------ Data for review ------

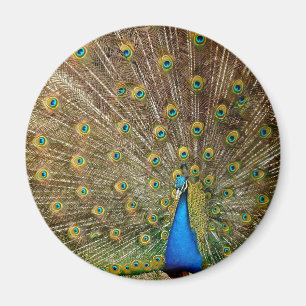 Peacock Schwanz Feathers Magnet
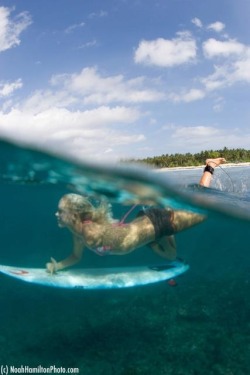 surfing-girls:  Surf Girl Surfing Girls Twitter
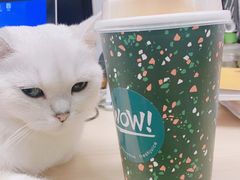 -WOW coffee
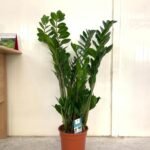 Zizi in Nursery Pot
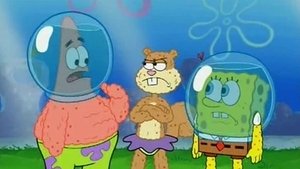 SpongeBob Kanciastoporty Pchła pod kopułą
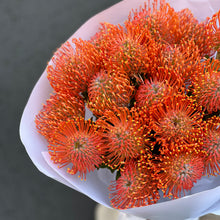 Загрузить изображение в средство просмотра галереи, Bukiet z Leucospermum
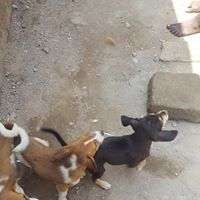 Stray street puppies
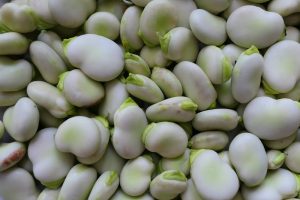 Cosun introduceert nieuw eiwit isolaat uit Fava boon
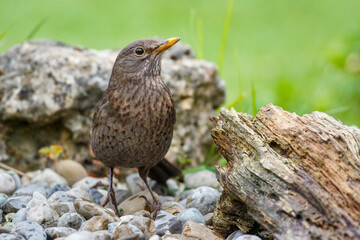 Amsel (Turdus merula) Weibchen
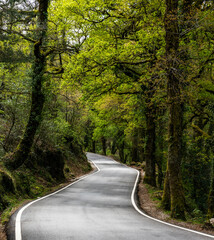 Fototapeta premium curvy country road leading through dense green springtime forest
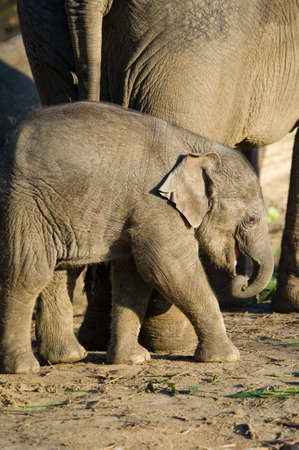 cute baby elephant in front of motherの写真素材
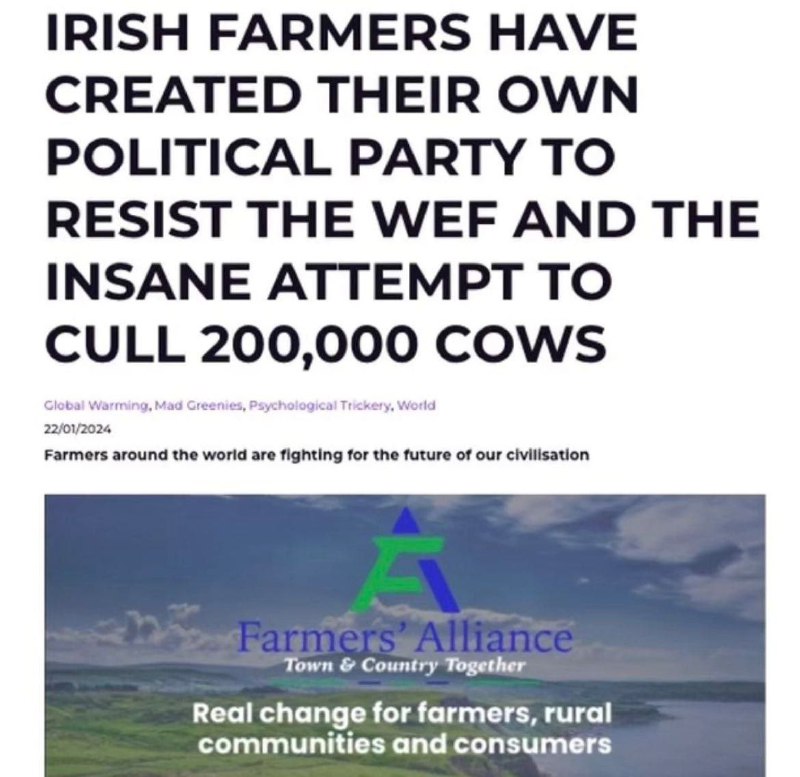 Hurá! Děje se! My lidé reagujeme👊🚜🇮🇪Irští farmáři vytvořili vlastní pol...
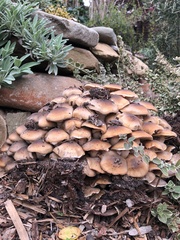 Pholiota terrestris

------

**Task item**
Once the line containing "Cosun introduceert nieuw" is found in the records above, it and every line after it up to the last must be repeated exactly, without pictures.

**Reply to the task**
 Cosun introduceert nieuw eiwit isolaat uit Fava boon
 Amsel (Turdus merula) Weibchen
 Fototapeta premium curvy country road leading through dense green springtime forest
 cute baby elephant in front of motherの写真素材
 Hurá! Děje se! My lidé reagujeme👊🚜🇮🇪Irští farmáři vytvořili vlastní pol...
 Pholiota terrestris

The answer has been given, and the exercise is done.